The next morning, we called the second agency, our insurance company. We explained what had happened and gave a brief description of the damage and missing items. We were given a preliminary estimate and the woman said that she would send us a claim form to get the exact details and a final claim amount. She also had a check for about half the estimated amount sent overnight to us for the purpose of having our wall
repaired.

A few days later, we discovered some unusual charges on our bank account. We had changed all our passwords the night of the burglary, but had forgotten to change our iTunes password, and someone had used the account to purchase several songs. We realized that the police could get the IP address used to purchase the songs from Apple, and then they could call on the ISP which used the IP number to get an exact location for the computer at the time of the purchase. Of course, it could have been at a coffee shop, but it also could have been at the home of the burglars.

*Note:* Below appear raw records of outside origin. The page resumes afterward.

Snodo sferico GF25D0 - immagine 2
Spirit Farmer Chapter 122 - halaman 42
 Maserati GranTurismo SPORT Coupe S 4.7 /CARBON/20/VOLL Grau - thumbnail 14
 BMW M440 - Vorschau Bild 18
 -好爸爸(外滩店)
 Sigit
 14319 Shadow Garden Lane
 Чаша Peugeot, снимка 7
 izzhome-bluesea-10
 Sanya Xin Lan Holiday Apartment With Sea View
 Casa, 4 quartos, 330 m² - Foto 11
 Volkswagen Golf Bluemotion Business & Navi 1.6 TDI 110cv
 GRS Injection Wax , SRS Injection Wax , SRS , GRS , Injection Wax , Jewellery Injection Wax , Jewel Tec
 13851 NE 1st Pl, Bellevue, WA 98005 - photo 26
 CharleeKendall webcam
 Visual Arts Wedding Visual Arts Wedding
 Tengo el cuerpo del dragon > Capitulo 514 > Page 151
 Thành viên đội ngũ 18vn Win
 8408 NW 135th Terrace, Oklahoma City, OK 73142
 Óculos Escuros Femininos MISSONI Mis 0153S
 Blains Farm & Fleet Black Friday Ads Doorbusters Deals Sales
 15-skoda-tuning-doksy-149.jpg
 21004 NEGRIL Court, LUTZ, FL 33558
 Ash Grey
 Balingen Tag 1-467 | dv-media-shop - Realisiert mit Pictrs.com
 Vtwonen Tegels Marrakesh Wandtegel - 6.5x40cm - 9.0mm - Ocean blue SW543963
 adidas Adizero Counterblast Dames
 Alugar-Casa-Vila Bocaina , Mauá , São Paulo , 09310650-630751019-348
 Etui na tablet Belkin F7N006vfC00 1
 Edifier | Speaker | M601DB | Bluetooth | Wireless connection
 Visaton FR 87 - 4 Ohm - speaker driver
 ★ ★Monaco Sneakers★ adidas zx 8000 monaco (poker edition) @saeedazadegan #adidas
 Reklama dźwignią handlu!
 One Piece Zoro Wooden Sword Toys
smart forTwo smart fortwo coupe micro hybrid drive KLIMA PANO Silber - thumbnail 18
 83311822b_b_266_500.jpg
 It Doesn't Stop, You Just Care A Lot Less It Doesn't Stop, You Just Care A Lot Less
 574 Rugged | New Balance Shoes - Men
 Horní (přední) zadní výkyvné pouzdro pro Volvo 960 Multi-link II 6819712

These purchases offered a very good chance of recovering our stolen property. So I immediately called the ‘detective’ and explained to him what had happened and how he could use that information to possibly catch the burglars. When I finished talking, there was a long pause on the line, and then the ‘detective’ said, “It’s hard to get
out-of-state companies to cooperate.”

I asked if that meant that he wasn’t going to take any action and he said, “That’s right.” I was quite surprised that he didn’t even pretend that he was going to do anything. I was
speechless. The call ended and that was the last time I ever spoke to him. Approximately two weeks after the burglary, our insurance company finalized the
claim and sent us a check for the remaining amount, which was a little more than
what was required to repair all the damage and replace our stolen property. We
were able to purchase a slightly better laptop computer than the one which had
been stolen. A few days afterward, we received the final phone call from the insurance company, wishing us well, thanking us for doing business with them, and offering to help us with anything else that we might require.

Both of these agencies receive regular payments from us. The local police agency is
paid in part by our property taxes, which are taken from us whether or not we
wish to pay. If we do not pay, men with guns will come to our home and forcibly
remove us, take possession of our home, and throw my family out into the street.

The insurance company receives our money with our consent. We believe that their services are worth paying for, and if, at any time, we decided we no longer wished to pay, we could immediately stop sending them our money. No threats, no guns, no violence. Our relationship with the insurance company is purely consensual, and the consensual and reciprocal nature of the relationship shows in our experience. One of these agencies wasted our time and money and committed injustice by threatening us. The other made us whole (as far as is possible), and gave us the only thing that might be called justice in the whole situation. They did so without force, threats, or any kind of coercion. At no time did I worry about doing business with them. I never feared that one of their representatives would do violence to me or to my property.

The same cannot be said for the State’s law enforcement agency.